Dr. I. (Ildiko) van Rhijn

Dr. I. (Ildiko) van Rhijn

Universitair docent
030 253 5740

Research interest:  unconventional T cells

Immunity against pathogen-derived proteins and peptides is well understood and applied in vaccines.  The mechanism of immunity against lipids and other non peptidic antigens is less well studied, but potentially as important and applicable in vaccines. 

In humans, unconventional T cells recognizing lipid antigens presented by CD1 molecules become activated during infection with Mycobacterium tuberculosis.  The nature of the antigens and how they are recognized, and the functionality of the reacting T cells has been studied in just a few cases.  The mouse has been widely used as a model animal to study many aspects of the immune system.  However, mice do not have the the CD1a, CD1b, and CD1c molecules that present most known lipid antigens.  Because cattle express a full set of CD1 proteins and is a natural host for mycobacterial infections, unconventional T cells can be studied during these infections and experimental vaccines can be developed and tested in this target species.  Also, we have recently performed comparative analyses of the canine, equine, and porcine CD1 system, as well as other non-classical antigen presenting molecules.  Whave also successfully worked with human T cells that were fresly isolated from blood donations. 

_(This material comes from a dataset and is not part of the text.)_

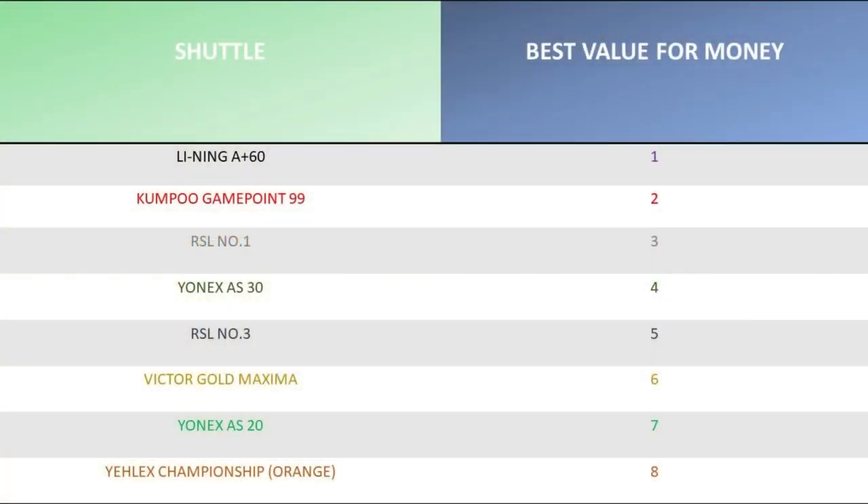The Gamepoint 99, despite costing £21 a tube, lasts really well, decreasing the overall cost of using the shuttlecock. If you're using a £10-a-tube shuttle but changing it every three or four minutes, you're going through them much faster. With the Gamepoint 99 you pay more per tube but use fewer of them. Do be mindful — feather shuttlecocks are susceptible and big hitters or lots of slices in the club may wear them down quicker. Best value in third place goes to RSL Number 1, with a reasonable price and reasonable durability.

In addition to our work on lipid antigens from Mycobacterium tuberculosis, we are now looking for lipids from unrelated, clinically relevant bacteria that stimulate the CD1 system.  Also, we have provided proof of principle that N-myristoylated peptides can be recognized by the human immune system via presentation by the CD1c protein, which opens the possibility that the CD1 system may also be activated by viral infections.